### Supplied entries ###

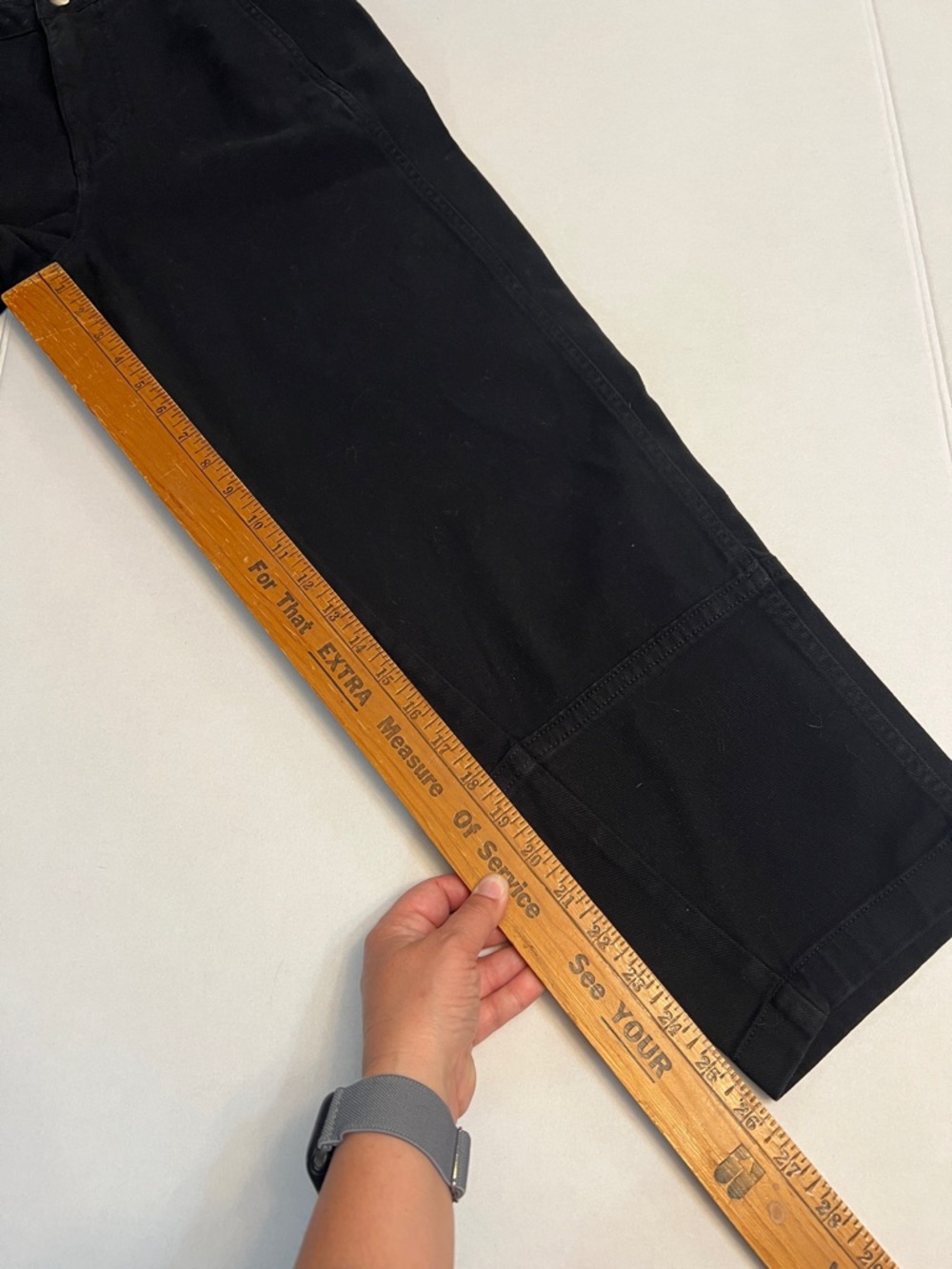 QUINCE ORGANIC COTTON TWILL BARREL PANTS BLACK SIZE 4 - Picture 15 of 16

###
### Supplied entries ###

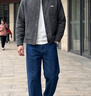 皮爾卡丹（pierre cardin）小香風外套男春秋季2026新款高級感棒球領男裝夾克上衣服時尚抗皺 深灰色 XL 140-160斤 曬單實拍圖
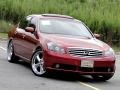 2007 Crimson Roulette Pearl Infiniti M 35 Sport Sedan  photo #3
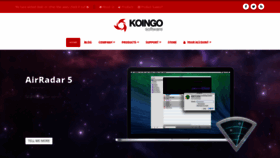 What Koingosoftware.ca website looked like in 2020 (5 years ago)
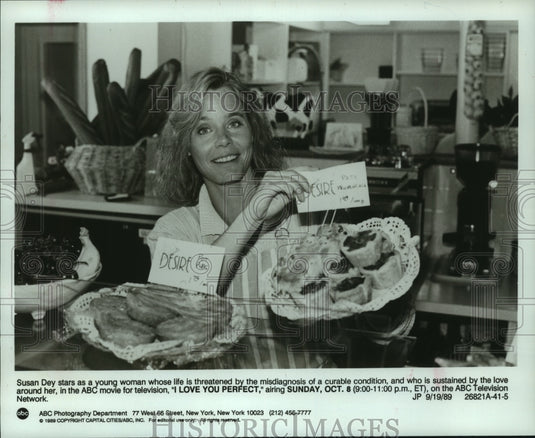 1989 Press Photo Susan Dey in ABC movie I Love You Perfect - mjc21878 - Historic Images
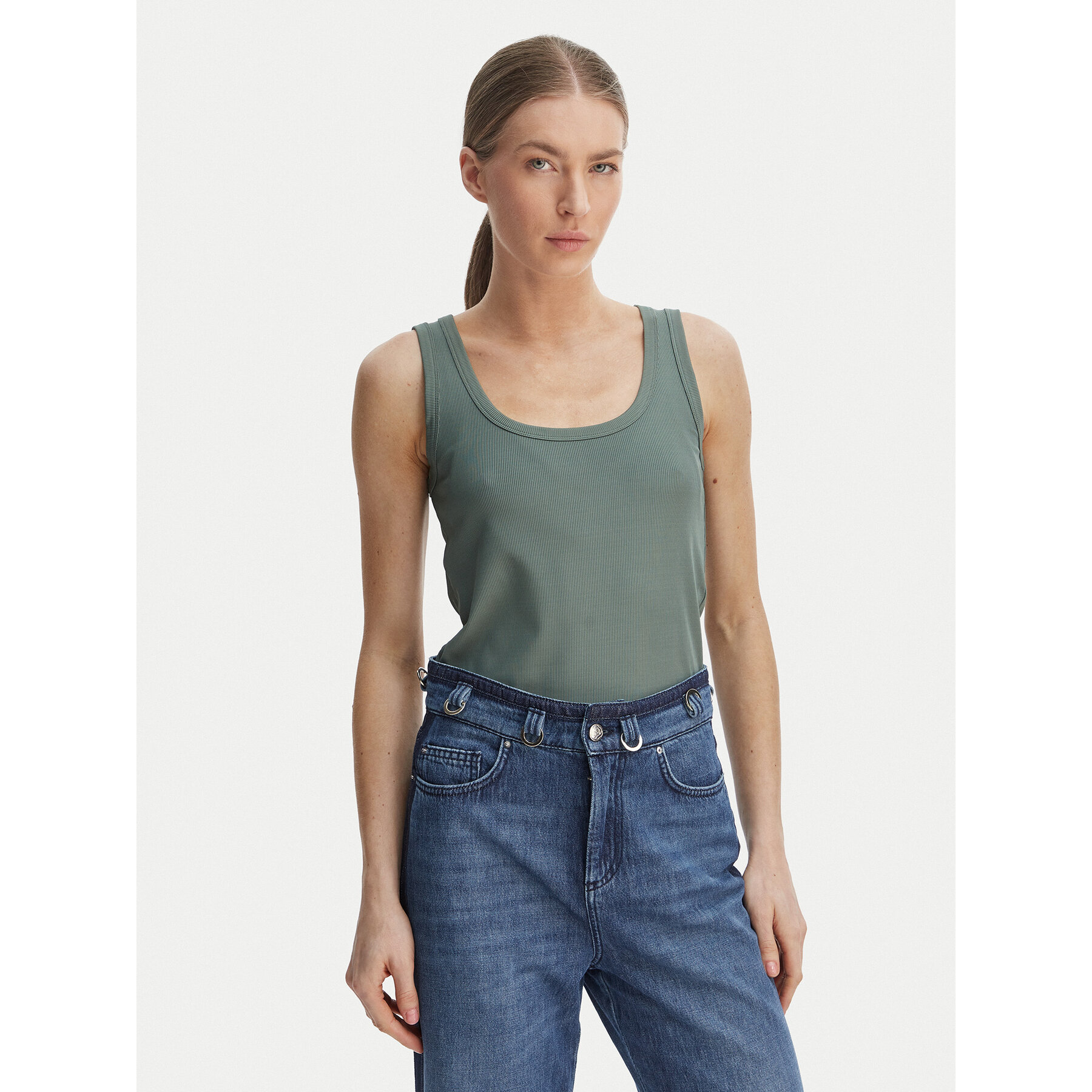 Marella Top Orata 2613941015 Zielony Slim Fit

###

Task requirements — Beginning at the line above that contains "1989 Press Photo" and going on through the line that contains "Marella Top Orata", please copy every line exactly, leaving the pictures out and adding nothing.

Task answer —
 1989 Press Photo Susan Dey in ABC movie I Love You Perfect - mjc21878 - Historic Images
 Marella Top Orata 2613941015 Zielony Slim Fit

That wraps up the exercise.